3 – Riconvertire il patrimonio edilizio ed infrastrutturale, rendendolo sostenibile ed efficiente. Basta nuove costruzioni, rimettiamo in sesto i centri storici. Tutt’al più si abbattano le orrende periferie e si ricostruiscano con criteri di sostenibilità e di bellezza architettonica. Alcune grandi opere ci vogliono, altre sono utili solo a chi le costruisce.

4 – I sistemi produttivi vanno riconvertiti alla luce della sostenibilità, sviluppando tecnologie innovative che rimpiazzino le attuali, se inadeguate: un’evoluzione che è quasi una rivoluzione.

5 – Il patrimonio naturale deve essere risanato e conservato. Abbiamo dedicato moltissima attenzione alla sanità e la vita media si è allungata, ma non la vita “sana”. Non ci possono essere umani sani in un ambiente malato.

6 – Il patrimonio culturale italiano è unico al mondo, assieme a quello naturale. La bellezza deve essere un obiettivo strategico.

Per realizzare questi sei punti ci vogliono due cose: competenza e onestà. Due valori che devono diventare componenti essenziali dei sistemi educativi, dalle elementari all’università. Ah, per me sostenibilità significa che ogni iniziativa che miri alla crescita del capitale economico deve basarsi su un’analisi costi benefici che consideri l’eventuale erosione del capitale naturale: non c’è crescita economica se si ottiene distruggendo il capitale naturale. Non dimentichiamo mai che ci dicevano che avremmo dovuto fare la scelta nucleare! Se mi spiegano dove si metteranno le scorie e come si dismetteranno le centrali, allora ci posso pensare. Se questi problemi sono rimandati a dopo allora: no grazie.

Il momento di questo cambio di paradigma è ora.
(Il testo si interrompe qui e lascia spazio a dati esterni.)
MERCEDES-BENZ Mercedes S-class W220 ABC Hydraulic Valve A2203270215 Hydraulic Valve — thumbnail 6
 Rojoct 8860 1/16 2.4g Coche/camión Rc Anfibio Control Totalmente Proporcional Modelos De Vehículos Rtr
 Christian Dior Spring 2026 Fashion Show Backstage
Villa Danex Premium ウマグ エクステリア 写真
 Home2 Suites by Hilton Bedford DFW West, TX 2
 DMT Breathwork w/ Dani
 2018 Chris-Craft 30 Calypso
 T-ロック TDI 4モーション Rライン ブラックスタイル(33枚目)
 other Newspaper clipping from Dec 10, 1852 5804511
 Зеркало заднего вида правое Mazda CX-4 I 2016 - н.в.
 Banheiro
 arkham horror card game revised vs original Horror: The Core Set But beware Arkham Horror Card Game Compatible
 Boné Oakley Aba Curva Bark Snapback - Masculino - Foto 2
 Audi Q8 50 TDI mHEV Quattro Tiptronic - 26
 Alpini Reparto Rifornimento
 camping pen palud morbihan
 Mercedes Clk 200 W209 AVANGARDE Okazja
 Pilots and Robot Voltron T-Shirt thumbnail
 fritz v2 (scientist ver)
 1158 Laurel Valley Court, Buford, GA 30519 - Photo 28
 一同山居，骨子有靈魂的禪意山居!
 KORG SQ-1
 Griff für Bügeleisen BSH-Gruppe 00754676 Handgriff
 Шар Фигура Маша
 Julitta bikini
La massa di incompetenti immessa nei sistemi produttivi con le politiche del passato sta per uscire di scena. I giovani devono esigere che il ricambio non avvenga con i principi del passato. Le nuove occasioni di lavoro devono essere basate sulla competenza. Se i nostri laureati emigrano e trovano lavoro all’estero significa che sono competenti. Il capitale umano c’è ma il sistema-paese lo rinnega e lo regala all’estero.

Le cose non si rimetteranno a posto in due o tre anni, si deve innescare una tendenza. Ora pare che la ricetta sia: diminuiamo le tasse e blocchiamo gli immigrati. Come ciliegina sulla torta c’è: meno Europa e meno regole. Dimenticavo: diamo un reddito a chi non ce l’ha. Le cause dei problemi non vengono affrontate e si propone di curare i sintomi. Le vecchie ricette hanno fallito, le nuove mirano al facile consenso, e non è difficile capire che non reggeranno alla prova dei fatti.